On May 28, 2007, at about 12:30 p.m., Southwest Bike Officers Elbin Quintanilla and his partner responded to assist other officers who were in foot pursuit of a burglary suspect.

While searching for the burglary suspect, an LAPD Air Unit directed Officer Quintanilla and his partner to a backyard in the 3000 block of Norton Street. The officers were confronted by a vicious Pitbull who charged Quintanilla's partner and was inches away from biting his leg. Officer Quintanilla fired one round and struck the dog in the shoulder. The owner of the Pitbull came out of the house and restrained the dog.

A perimeter was set and the K-9 Unit was called out.
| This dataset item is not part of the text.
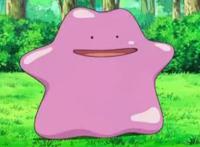 这七个能幻变成人形的神奇宝贝，其中一只想嫁给小智！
The burglary suspect was located near the area and was taken into custody without incident.

Again, it appears that at most this dog was defending his backyard. How does the defense of a yard morph into "vicious"? By the assertion that the dog was "inches away from biting his leg"? (The dog bit no one.) Or by the additional words "pit bull"? Well, what was it? A "vicious pit bull"? Or a dog defending his own yard?

Do dogs have the right to defend yards without being labeled vicious? Or do only pit bulls forfeit this right?

I found the following YouTube video in which the police gave one of these usual accounts, but if you watch it, you'll see that the neighbors dispute it rather vehemently, saying that the police shot a friendly puppy who came to them when it was called.

This whole area strikes me as a perfect scenario for a law school question. Under what circumstances do the police have a right to shoot dogs? Obviously, they'll always say that the dogs were attacking, but if the police have invaded private property without a warrant, and the owner of the dogs is given no notice that they were there, how is the dog supposed to know that they were "good guys" and not the bad guys it is their job to protect against? Nothing is more dangerous than police in hot pursuit or police acting under a mistake, as unlike criminals, they're acting under legal authority, and if you don't know they are there, anything might happen.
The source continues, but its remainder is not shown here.